→ Activity: Pictures aside, the output must consist of the lines from the one containing "Name It Stuttermabolur" through the end of the data, reproduced exactly.

→ Records supplied:
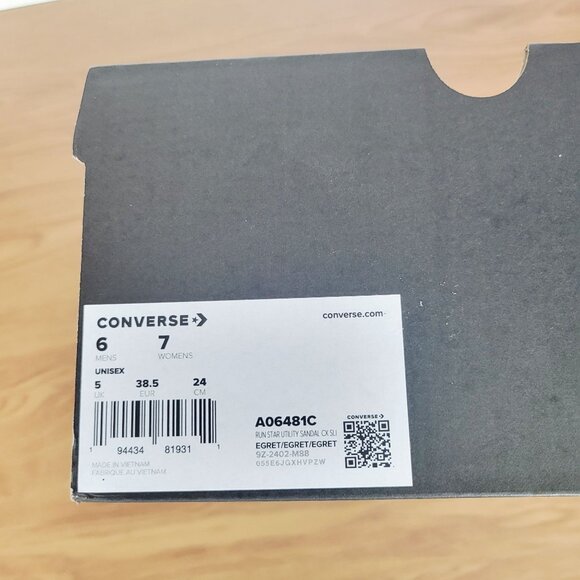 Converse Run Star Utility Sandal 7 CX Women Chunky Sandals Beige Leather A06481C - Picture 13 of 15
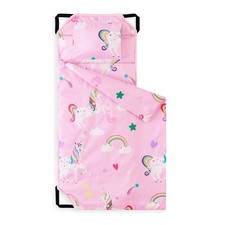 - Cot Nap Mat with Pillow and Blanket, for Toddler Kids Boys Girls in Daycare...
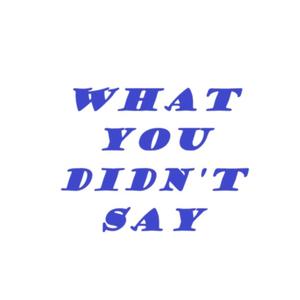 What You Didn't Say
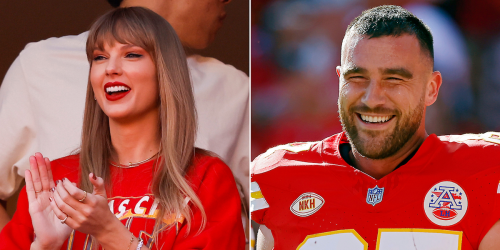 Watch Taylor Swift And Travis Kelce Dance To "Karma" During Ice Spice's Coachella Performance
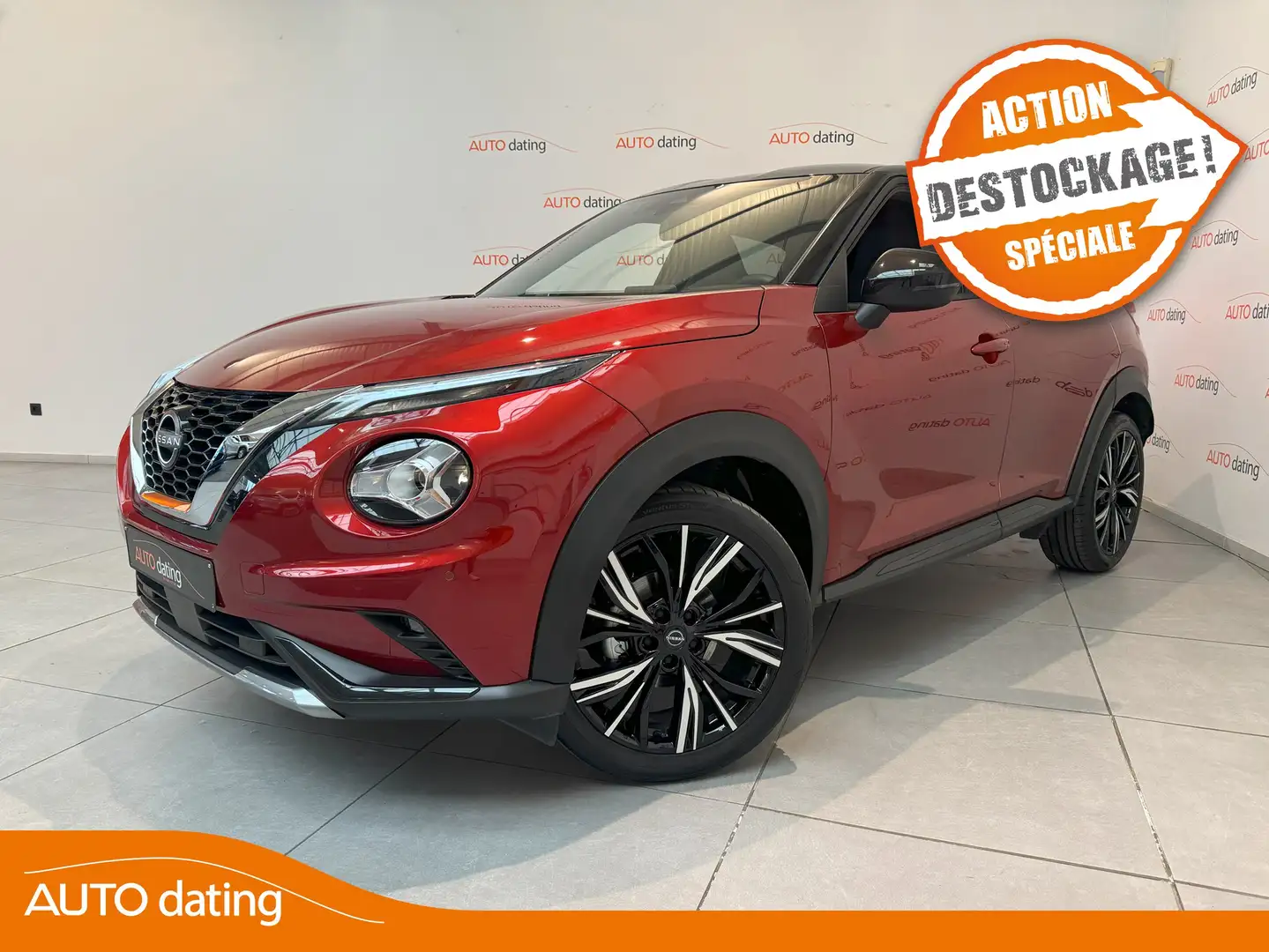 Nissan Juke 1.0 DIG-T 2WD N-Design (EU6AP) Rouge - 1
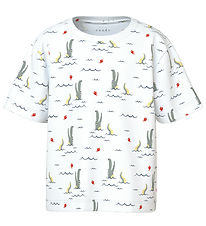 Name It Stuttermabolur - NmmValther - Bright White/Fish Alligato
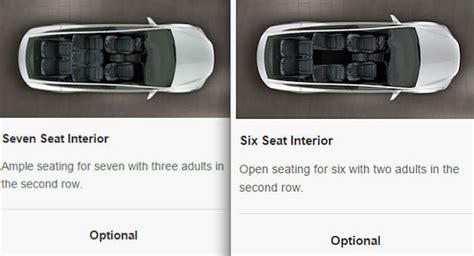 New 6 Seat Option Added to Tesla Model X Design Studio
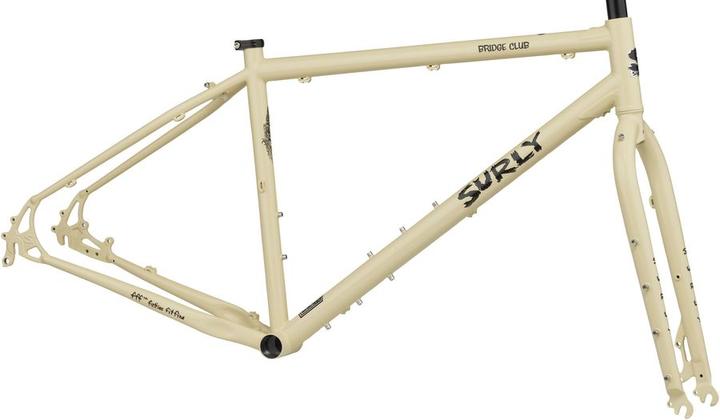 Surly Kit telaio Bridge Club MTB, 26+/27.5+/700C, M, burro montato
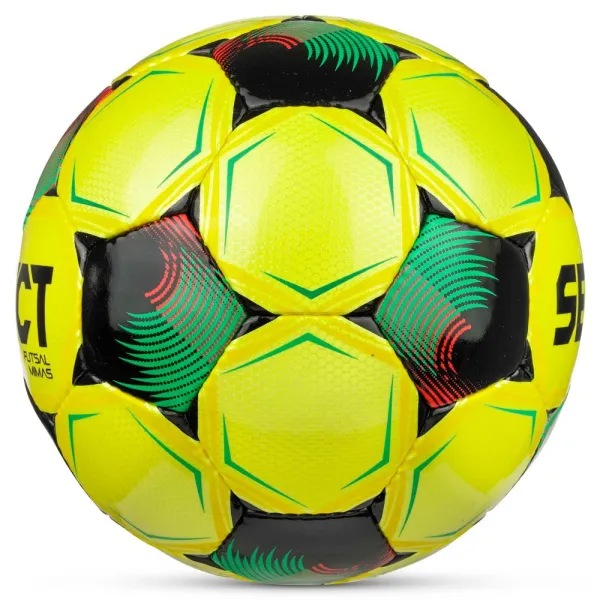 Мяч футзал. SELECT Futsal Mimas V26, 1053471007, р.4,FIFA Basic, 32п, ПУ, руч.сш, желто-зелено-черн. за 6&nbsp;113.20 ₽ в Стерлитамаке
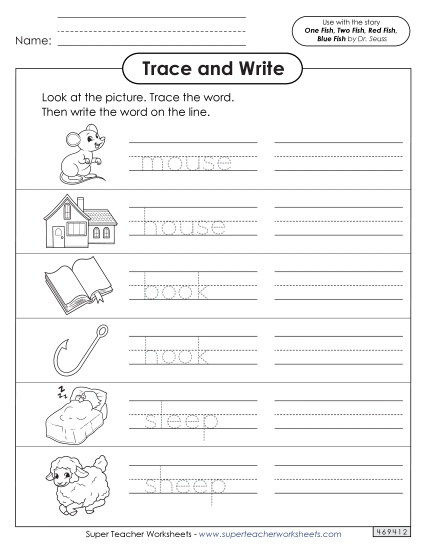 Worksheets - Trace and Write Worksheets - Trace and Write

→ Output below:
 Name It Stuttermabolur - NmmValther - Bright White/Fish Alligato
 New 6 Seat Option Added to Tesla Model X Design Studio
 Surly Kit telaio Bridge Club MTB, 26+/27.5+/700C, M, burro montato
 Мяч футзал. SELECT Futsal Mimas V26, 1053471007, р.4,FIFA Basic, 32п, ПУ, руч.сш, желто-зелено-черн. за 6&nbsp;113.20 ₽ в Стерлитамаке
 Worksheets - Trace and Write Worksheets - Trace and Write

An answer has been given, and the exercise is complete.